To All the Boys: P.S. I Still Love You is set to be released on Netflix Wednesday
To All the Boys: P.S. I Still Love You — the much-anticipated sequel to To All the Boys I’ve Loved Before — will be released on Netflix February 12, just in time for Valentine’s Day. In the follow-up to the popular teen rom-com, Lara Jean (Lana Condor) is still torn between two boys, Peter (Noah Centineo) and John Ambrose (Jordan Fisher), but this time she’s actually dating one of them. Jenny Han, author of the books that inspired the movies, spoke with PEOPLE to dish on writing about first love and which of the two heartthrobs is more her type.
What was it like being involved in the production of the new movie?
It was really a crash course in film school. I got to be involved in every aspect, and probably most heavily worked with our costume designer. She was so generous with me and let me be really collaborative. I went kind of wild sending her links for clothes and I was buying all the hair accessories and that kind of thing. It was just so much fun being able to help tell the story in a visual way because I was coming to it with words but it’s a movie, it’s all about pictures. So as a storyteller, it’s exciting to have a different way to tell the story.
How have your longtime fans reacted to P.S. I Still Love You?

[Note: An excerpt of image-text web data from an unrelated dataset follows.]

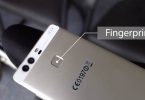 Huawei P9 Fingerprint Featured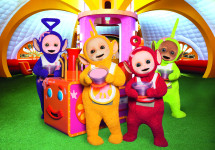 TELETUBBIES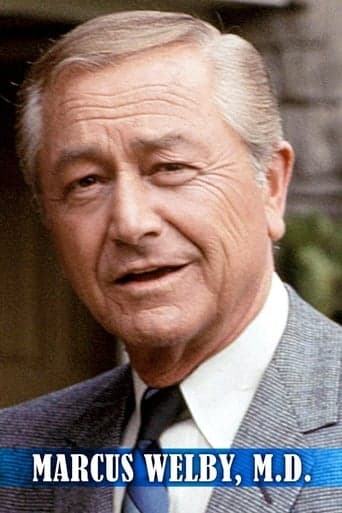 Marcus Welby, M.D. Vider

They’ve been so excited. The readers are so dear to me, close to my heart, and they are the people I think about first because I know how much it means to them. I’ve been working on these books since 2010, and so my priority has always been to serve as that ambassador of what I know the fans want and speaking on their behalf when it comes to giving my input for the film. Lana [Condor] is always saying “Thank you for sharing these book fans with me because they’re such nice people.” And they truly are.
You approach these first loves and teenage relationships with such respect. How does first love shape us?
I think part of why I like to write stories for and about young people is that I think firsts are so indelible, they just stay with you your whole life. I don’t think you ever forget the first time you fell in love with somebody. And if you haven’t had your heart broken yet, you haven’t experienced all the joy and the pain that comes with loving somebody, then it’s all the more sharp and fresh and raw. Talking about first love is a way to connect it, to share intimacy and feel close.
You’ve talked about the importance that this has had for your fans of color who are watching this. What impact does the film have for people who are seeing an Asian lead for the first time almost ever?
It’s always very moving for me when fans reach out to me and tell me how meaningful it was for them to see Lara Jean and her family on the screen. I think sometimes when there’s such a lack of that you don’t even realize fully until you actually see the hole that is there. To have something like this to own for themselves, to own this character and our story is really special. One of my highlights of the whole experience was Halloween when some young women had dressed up as Lara Jean. I felt like I just saw a lot of pride in their faces to have something that belonged to them.
How did you develop the characters of Peter and John Ambrose — and which is more your type?
I think that Peter is a genuinely good person. He just really wants to be liked and he has that insecurity inside of him, which is why he likes to be around people and the life of the party. He’s not the cookie cutter popular guy, who is just all about himself. With John, he is a more sensitive, probably more thoughtful and more interior kind of person the way that Lara Jean is, so they really connect on that level. I think they both offer her something really different, which I like. In high school, I would definitely be more of a John McLaren kind of person.
To All the Boys: P.S. I Still Love You premieres on Netflix Feb. 12.